The most common types of observed mental health distress included anxiety disorder and depression. These 2 manifestations of distress were observed by more than 80% of study participants. However, personality, posttraumatic stress, and addiction disorders were also reported as prevalent among this population.
Furthermore, although most respondents shared a concern about patient outcomes due to mental health, only 51% percent shared they frequently refer patients for mental health treatment and 48% there are not enough adequate recourses available to support the mental health needs of these patients.
Responses also revealed that the surveyed practices were split regarding screening for mental illness. Approximately 36% of respondents use the National Comprehensive Cancer Network (NCCN) Distress Thermometer, 29% prefer other validated instruments (Patient Health Questionnaire, Psychological Screen for Cancer, Edmonton Symptom Assessment System), and 35% reported using no screening instruments at all. Regarding prescription intervention, 93% of participants reported prescribing antidepressants and 95% reported prescribing anxiolytics to their patients.
Furthermore, the findings highlighted variability between oncologist awareness vs actions. For example, only 61% of physicians reported that they frequently discuss mental health with their patients. Although one-quarter of practice have some form of mental health support incorporated into their health care system, nearly half of respondents shared that the resources available are not adequate for the severity of the need.
The survey also queried about available mental health services or counseling across the various institutions. In total, 45% of respondents shared they have a social worker(s), 26% have a clinical psychologist(s), and 27% refer patients to specialists in the community. Seven percent reported that their institution has APP(s) dedicated to counseling and mental health services, 9% have a mental health service program within their system. Only 16% of participants reported that they can and prefer to refer patients to specialists within their health care system.

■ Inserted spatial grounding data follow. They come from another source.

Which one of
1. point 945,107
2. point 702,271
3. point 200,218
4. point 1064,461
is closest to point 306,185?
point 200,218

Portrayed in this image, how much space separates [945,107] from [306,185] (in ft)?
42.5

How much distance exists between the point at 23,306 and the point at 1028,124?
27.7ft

“In total, the fact that oncologists have high levels of awareness of mental health distress among patients with cancer is encouraging,” said Bruce Feinberg, DO, vice president, chief medical officer, Cardinal Health Specialty Solutions. “However, the responses about referrals and interventions indicate that oncologists still need to take additional steps to ensure that patients will consistently receive the mental health care they need.”
Mental health supportive care was not the only topic addressed in the survey. The survey also explored oncologists’ views on the effective use of palliative care for patients with advanced cancer. Although 68% of oncologists confirmed that earlier introduction of palliative services is linked to better outcomes for patients with advanced cancer, only 43% expressed interest in additional clinician training about having discussions with patients with advanced cancer about these services, and only 45% felt that clinicians need better data and predictive analysis to help identify when referral to a palliative care team is appropriate. Seventeen percent shared that they refer patients to palliative care at the time of diagnosis.

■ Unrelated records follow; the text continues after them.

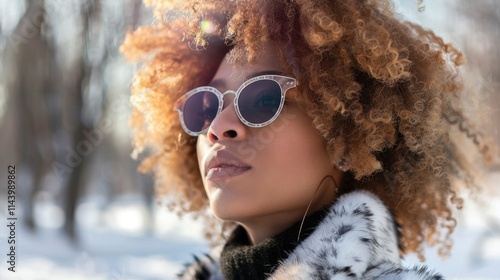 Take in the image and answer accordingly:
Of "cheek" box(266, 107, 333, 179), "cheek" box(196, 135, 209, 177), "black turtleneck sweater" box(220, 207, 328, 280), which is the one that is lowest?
"black turtleneck sweater" box(220, 207, 328, 280)

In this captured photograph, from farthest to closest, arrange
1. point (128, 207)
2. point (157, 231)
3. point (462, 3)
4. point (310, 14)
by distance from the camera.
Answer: point (128, 207)
point (157, 231)
point (462, 3)
point (310, 14)

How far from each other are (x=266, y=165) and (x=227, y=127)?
0.22 m

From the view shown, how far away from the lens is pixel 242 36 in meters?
2.24

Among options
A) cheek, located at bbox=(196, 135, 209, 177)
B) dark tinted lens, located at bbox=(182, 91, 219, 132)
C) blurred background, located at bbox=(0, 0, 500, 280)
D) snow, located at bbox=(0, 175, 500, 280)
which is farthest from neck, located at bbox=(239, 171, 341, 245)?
blurred background, located at bbox=(0, 0, 500, 280)

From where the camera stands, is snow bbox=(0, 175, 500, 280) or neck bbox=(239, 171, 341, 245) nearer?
neck bbox=(239, 171, 341, 245)

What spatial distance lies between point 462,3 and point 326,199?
571 centimetres

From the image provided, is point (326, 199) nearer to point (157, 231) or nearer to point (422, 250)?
point (422, 250)

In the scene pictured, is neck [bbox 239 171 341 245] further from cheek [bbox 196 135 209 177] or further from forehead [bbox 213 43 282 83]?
forehead [bbox 213 43 282 83]

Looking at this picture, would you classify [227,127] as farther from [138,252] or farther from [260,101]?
[138,252]

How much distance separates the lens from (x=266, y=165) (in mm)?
2123

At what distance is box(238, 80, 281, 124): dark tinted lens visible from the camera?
85.3 inches

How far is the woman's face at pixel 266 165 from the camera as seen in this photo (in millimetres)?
2127

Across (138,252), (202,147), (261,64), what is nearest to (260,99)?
(261,64)

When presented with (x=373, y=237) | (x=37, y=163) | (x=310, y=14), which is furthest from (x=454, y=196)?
(x=37, y=163) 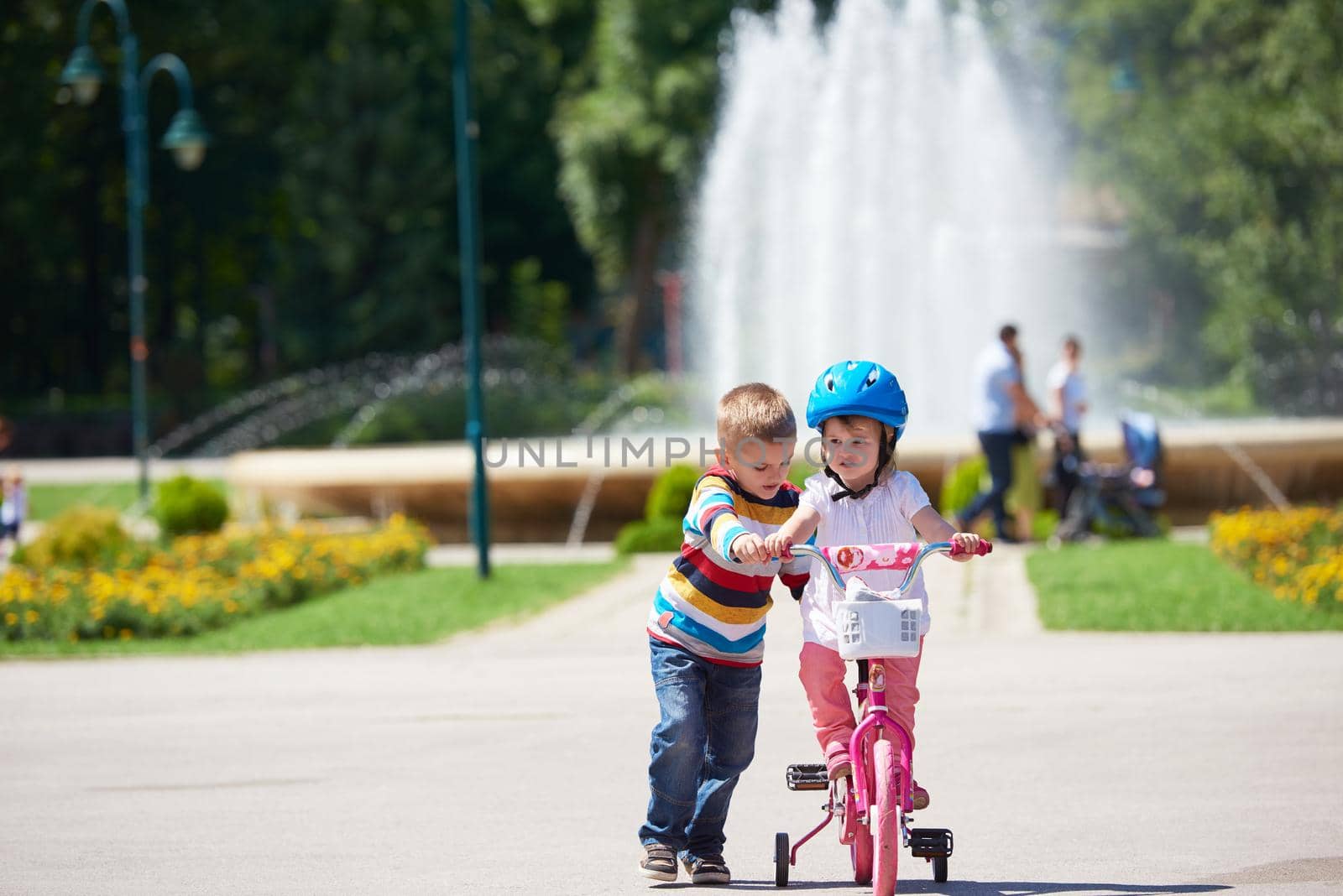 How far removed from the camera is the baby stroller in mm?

The NCCN and ASCO offer extensive guidelines outlining palliative care use and appropriate timing of referrals. However, a small percentage of respondents referred patients at the time of metastatic disease diagnosis.
Among those whose patients were receiving palliative care services, only about 25% to 50% of the patients were also receiving active treatment (answers varied per oncologist response) and 21% of oncologists shared that they only offered palliative care to their patients when feel they are approaching end of life.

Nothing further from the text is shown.